### Assignment
Reproduce the listing in full. Omit the pictures.

[Opening Records to use section]

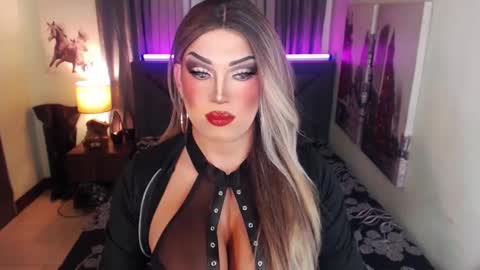 Snapshot of xshadowseductressmitchx chatting on February 23, 2025, 5:56 am Cattaleya online show from February 23, 2025, 5:56 am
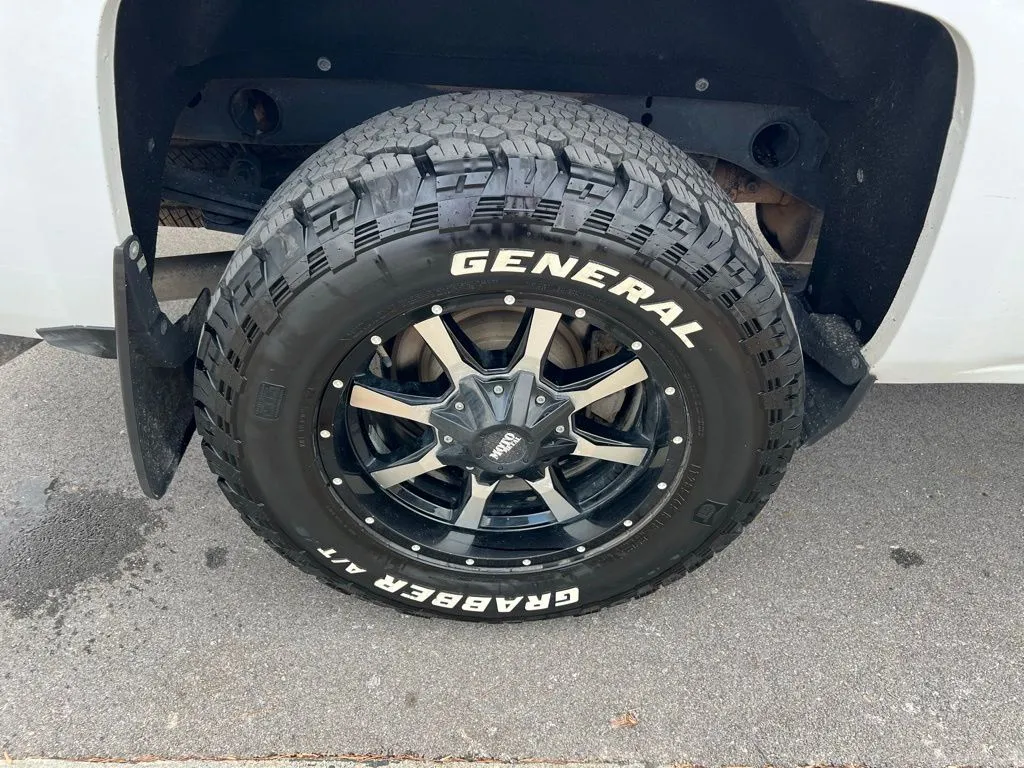 2018 Chevrolet Silverado 1500 LTZ photo 2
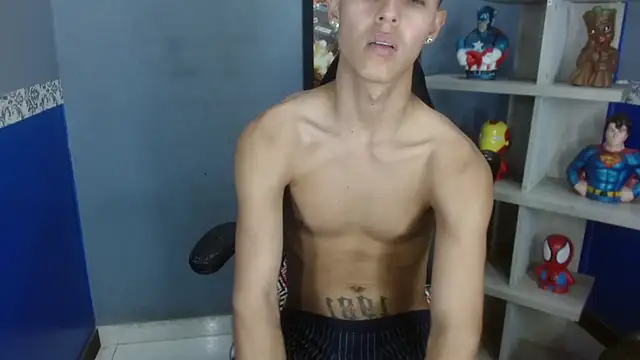 Ethan_Jamees live sex cam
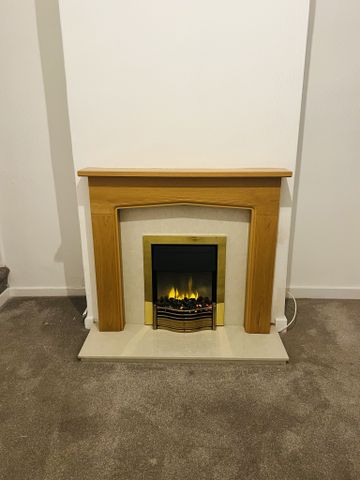 Well Presented 2-Bed Home Close to Local Amenities & Transport Links – ST5 - Photo 2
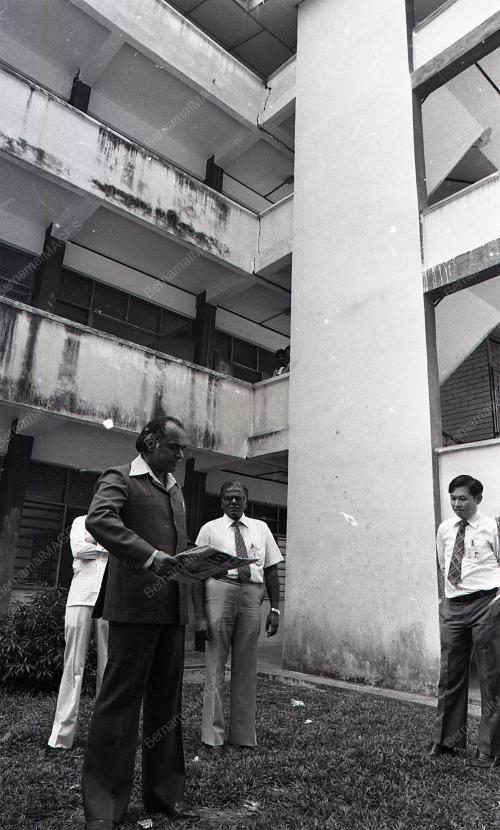 SEKOLAH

[Closing Records to use section]

### Result
 Snapshot of xshadowseductressmitchx chatting on February 23, 2025, 5:56 am Cattaleya online show from February 23, 2025, 5:56 am
 2018 Chevrolet Silverado 1500 LTZ photo 2
 Ethan_Jamees live sex cam
 Well Presented 2-Bed Home Close to Local Amenities & Transport Links – ST5 - Photo 2
 SEKOLAH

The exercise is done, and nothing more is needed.